Is time correct on the device ?

To verify use this command:

Code Select Expand

date

To set the time:

Code Select Expand

date yymmddhhmm.ss
yymmddhhmm.ss means YearMonthDateHoursMinutes.Seconds


Reboot after setting the correct time and check for updates and/or do a healthcheck again and post it here.

[Fowlerj]

The date is/was the correct time.  Sat Apr 26 14:02:19 MST 2025

[EricPerl]

What does the WAN configuration page look like?

[cookiemonster]

ue0 (WAN).

Code Select Expand

ue0: <USB Ethernet> on cdce0
ue0: Ethernet address: 00:15:ff:30:11:45
igb0: link state changed to UP
ugen0.2: <Novatel Wireless M2000> at usbus0 (disconnected)
cdce0: at uhub0, port 1, addr 3 (disconnected)
cdce0: detached
umass0: at uhub0, port 1, addr 3 (disconnected)
da0 at umass-sim0 bus 0 scbus7 target 0 lun 0
da0: <Linux File-Stor Gadget 0414>  detached
(da0:umass-sim0:0:0:0): Periph destroyed
umass0: detached
ugen0.2: <Novatel Wireless M2000> at usbus0
urndis0 on uhub0
urndis0: <Novatel Wireless M2000, class 0/0, rev 2.10/4.14, addr 4> on usbus0
ue0: <USB Ethernet> on urndis0What sort of setup is this, some USB NIC but also some wireless card somewhere?
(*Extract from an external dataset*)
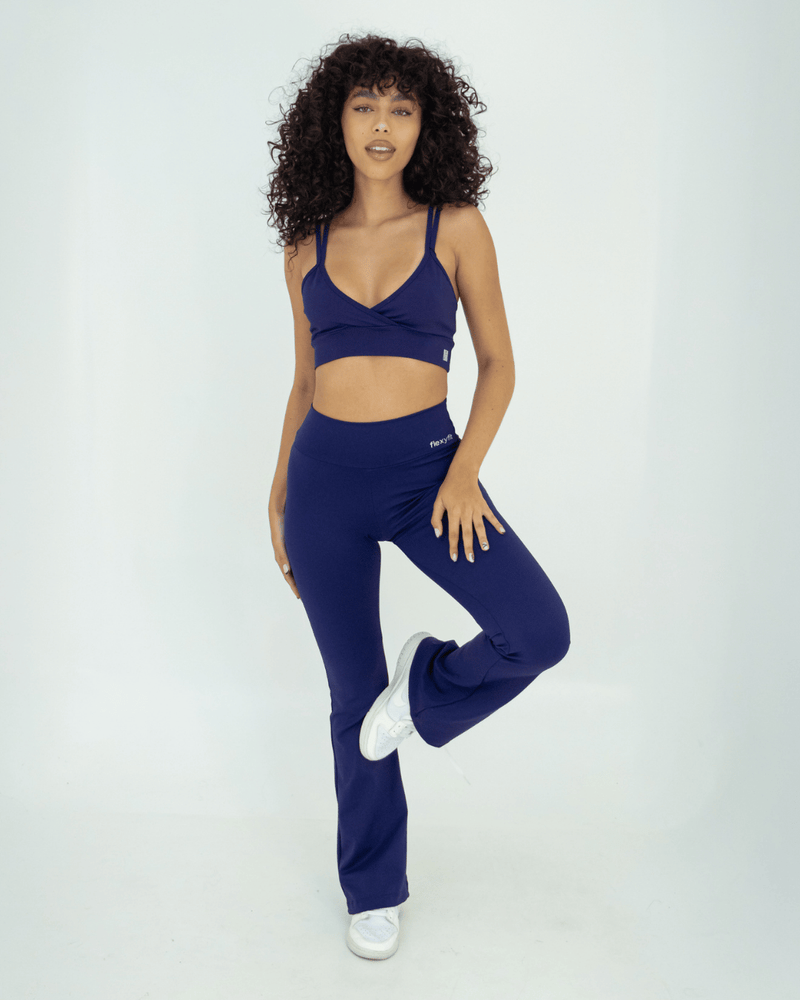 Legging Flare Azul Marinho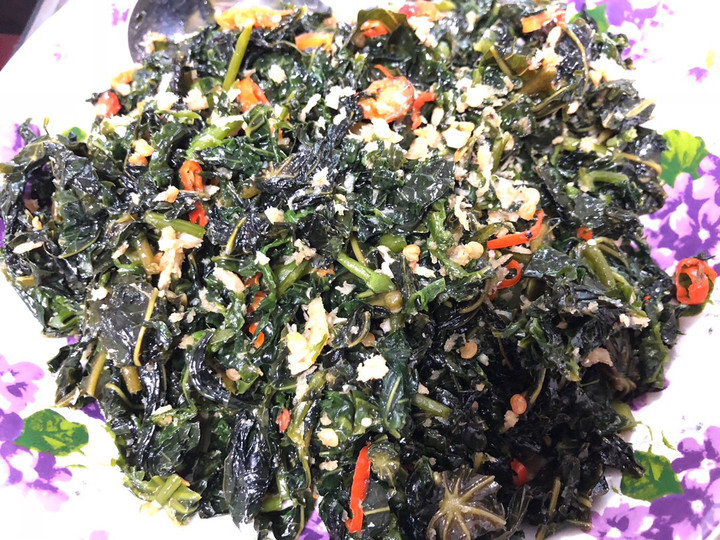 Bagaimana Menyiapkan Tumis teri daun pepaya jepang pedas, Menggugah Selera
Or is it a usb-attached wifi thingy ? Surely your WAN is connected to something that can provide a public IP or WAN access.
Can you clarify this setup please?
It might be what's giving trouble.

[EricPerl]

I missed the interface assignments in the OP.
That Novatel Wireless M2000 appears to be a 5G mobile hotspot used by T-Mobile.
It allows some form of tethering via USB-C.

Per PCMag review:

One way to extend range is to hook the hotspot up to a secondary router. That's trickier than it sounds: The M2000 doesn't have an Ethernet port, and even if you use an adapter to connect a router through the USB-C port, most routers don't have the drivers to tether to a hotspot. You'll specifically need a travel router that supports tethering.

The MAC is associated with Novatel as well, which seems to confirm tethering...

Not being more upfront about that part seems inefficient at best.

[Fowlerj]

Sorry.  I have the same modem in connected to three other OpnSense installs where it is working without an issue.  Since I can get IP traffic (ICMP pings) across the modem, it didn't seem to be the point of failure.  The modem IP assigned to OpnSense is as the DMZ address in the modem.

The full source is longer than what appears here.